BIOL4200, Stepping through the WPGMA algorithm

Consider the following distance matrix as an example:
	A	B	C	D
 ---------------------------------
A|     	0	1	2	1	
B|	1	0	1	1	
C|	2	1	0	3	
D|	1	1	3	0	
Let's agree that the taxa (species,leaves) are called A,B,C,D and that we will represent the distance between any two clusters at any time by a distance array, called dist, which is initialized as previously. In the first step of WPGMA, we have a "tree" consisting of 4 singleton clusters, with no connections.


We next determine the minimum distance dmin in the array; i.e. dmin = 1 and determine the first row and column, in a top-down, left-right manner, for which dist(row,col)=dmin. Since dist({A},{B})=1=dmin, we combine the elements of cluster {A} and cluster {B} to form the agglomerated cluster {A,B}, which is defined to be the parent of both. The distance from the parent {A,B} to the leaves of each child cluster (and not to the child cluster itself) is defined to be dmin/2 = 0.5. We then update the distance between the new parent cluster {A,B} and all remaining clusters that are distinct from the two clusters that were combined to form the parent. This leads to:

	A,B	C	D
    ---------------------------------
A,B|    0	(2+1)/2	(1+1)/2
C  |	1.5	0	3
D  |	1	3	0


We next determine the minimum distance dmin in the array; i.e. dmin = 1 and determine the first row and column, for which dist(row,col)=dmin. Since dist({A,B},{D})=1=dmin, we combine the elements of cluster {A,B} and cluster {D} to form the agglomerated cluster {A,B,D}. The new cluster {A,B,D} is defined to be the parent of the child clusters {A,B} and {D}, and the distance from the parent to the leaves of the child clusters is defined to be dmin/2=0.5. Notice that this means that the distance from {A,B,D} to {A,B} must be zero, since the distance from {A,B} to each of {A} and {B} is 0.5. As well, the distance from {A,B,D} to {D} is 0.5. We update the distance matrix:

	A,B,D	C	
      ---------------------------------
A,B,D|  0	(1.5+3)/2
C    |	9/4	0	


The minimum distance dmin in the array is 9/4; i.e. dist({A,B,D},{C})=2.25=dmin. We combine the elements of cluster {A,B,D} and cluster {C} to form the agglomerated cluster {A,B,C,D}. The new cluster {A,B,C,D} is defined to be the parent of the child clusters {A,B,D} and {C}, and the distance from the parent to the leaves of the child clusters is defined to be dmin/2=9/8=1.125. It follows that the distance from {A,B,C,D} to {A,B,D} must be 9/8 - 1/2 = 5/8 = 1.125-0.5 =0.625. As well, the distance from {A,B,C,D} to {C} must be 9/8=1.125.

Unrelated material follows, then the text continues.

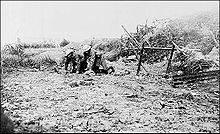 World War 1 Picture - A wounded man of the Newfoundland Regiment is brought in at Beaumont Hamel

Finally, notice that WPGMA always produces an ultrametric tree, i.e. with the property that the distance from root to each leaf is the same.


NOTE that the final distances between taxa in the ultrametric tree do NOT agree with the distances from the initial distance matrix. This is because the intial distances do not satisfy the 3-point property, which states that for all points x,y,z we have D(x,z) ≤ max{D(x,y),D(y,z)}. Compare this with the triangle inequality (required for any metric) which states that for 3 points x,y,z two distances are equal and greater than or equal to the third: D(x,z) ≤ D(x,y)=D(y,z). Compare this with the triangle inequality that requires that D(x,z) ≤ D(x,y)+D(y,z).

Note that the given distance matrix does not satisfy the 3-point property, since for points A,B,C we have D(A,C) ≥ D(A,B)=D(B,C).


The output of my program (if you can compile it on your computer and run it on the distance matrix Kaitlin suggested), then we obtain

0	0	1.5	1	
0	0	0	0	
1.5	0	0	3	
1	0	3	0	

0	0	2.25	0	
0	0	0	0	
2.25	0	0	0	
0	0	0	0	

0	0	0	0	
0	0	0	0	
0	0	0	0	
0	0	0	0	

	--------2
	|
--------1.125
	|
		--------3
		|
	--------0.5
		|
			--------1
			|
		--------0.5
			|
			--------0

Hopefully you see how to interpret the output of the program in light of the discussion above.